** What is needed **
Starting at the line below that contains "蔡徐坤壁纸高清无水印 分享库存～超帅超爱的!" and ending at the line that contains "Смартфон OPPO Reno8", retype each line exactly as it stands, but omit the pictures.
*** Information given ***
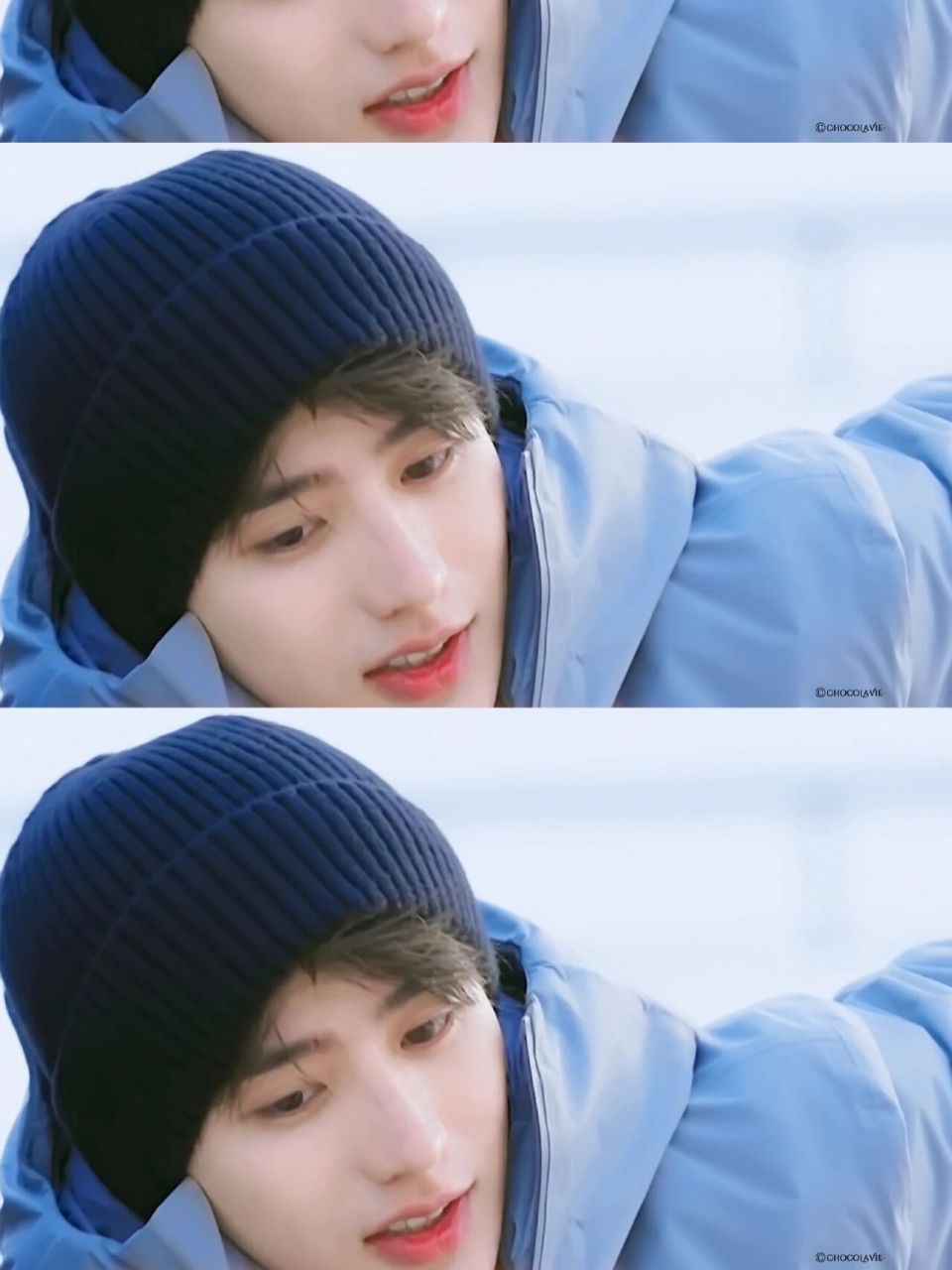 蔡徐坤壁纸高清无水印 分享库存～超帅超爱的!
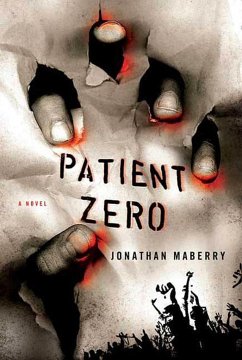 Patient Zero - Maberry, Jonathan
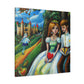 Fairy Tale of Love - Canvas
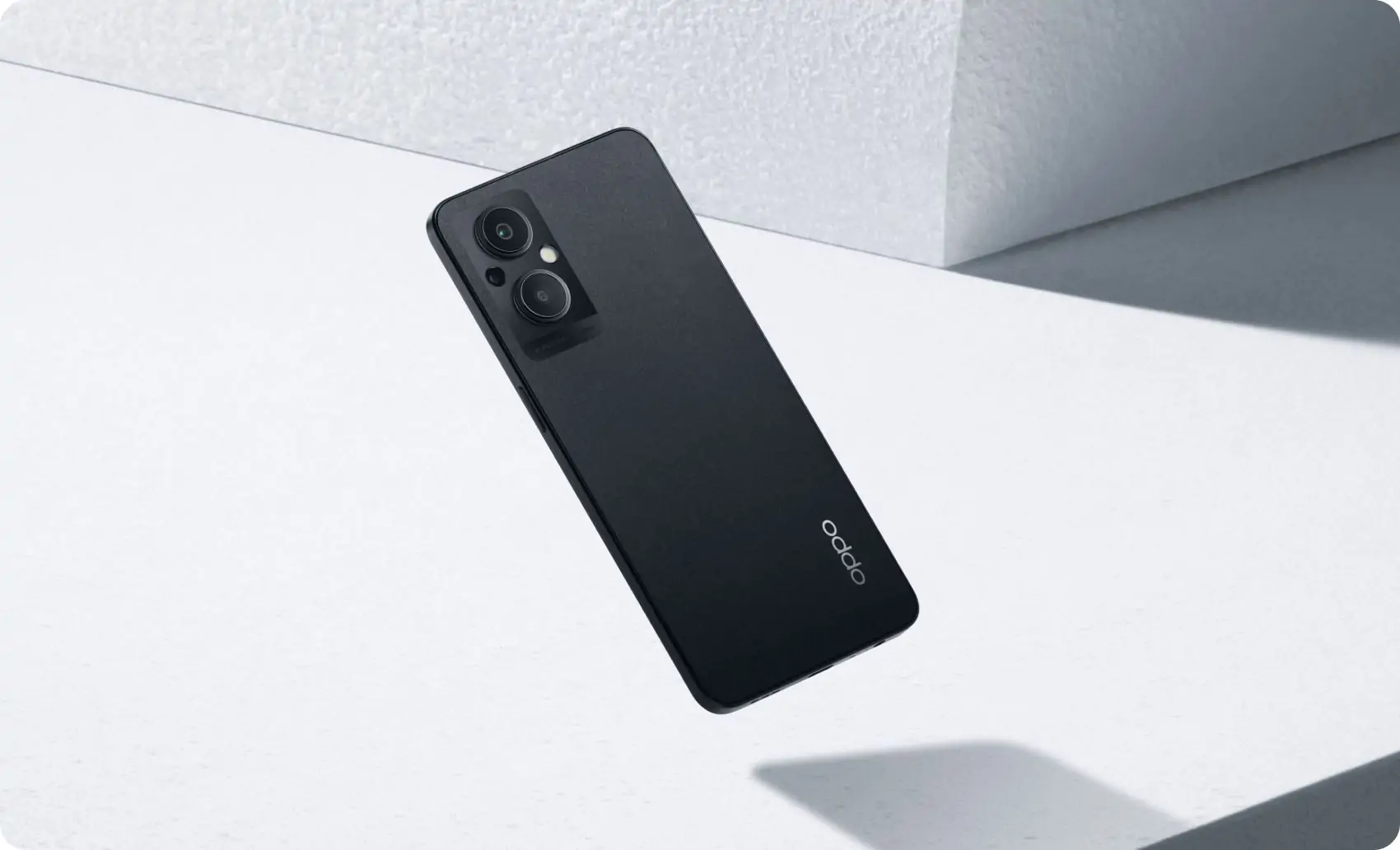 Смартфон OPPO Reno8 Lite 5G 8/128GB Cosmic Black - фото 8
*** End of Information given ***
*** Information given ***
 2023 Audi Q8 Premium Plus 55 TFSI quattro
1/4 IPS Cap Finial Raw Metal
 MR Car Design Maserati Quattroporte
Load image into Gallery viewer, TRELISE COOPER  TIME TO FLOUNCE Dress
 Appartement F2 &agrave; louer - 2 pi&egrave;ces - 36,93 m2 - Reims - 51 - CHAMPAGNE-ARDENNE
*** End of Information given ***
** Response area **
 蔡徐坤壁纸高清无水印 分享库存～超帅超爱的!
 Patient Zero - Maberry, Jonathan
 Fairy Tale of Love - Canvas
 Смартфон OPPO Reno8 Lite 5G 8/128GB Cosmic Black - фото 8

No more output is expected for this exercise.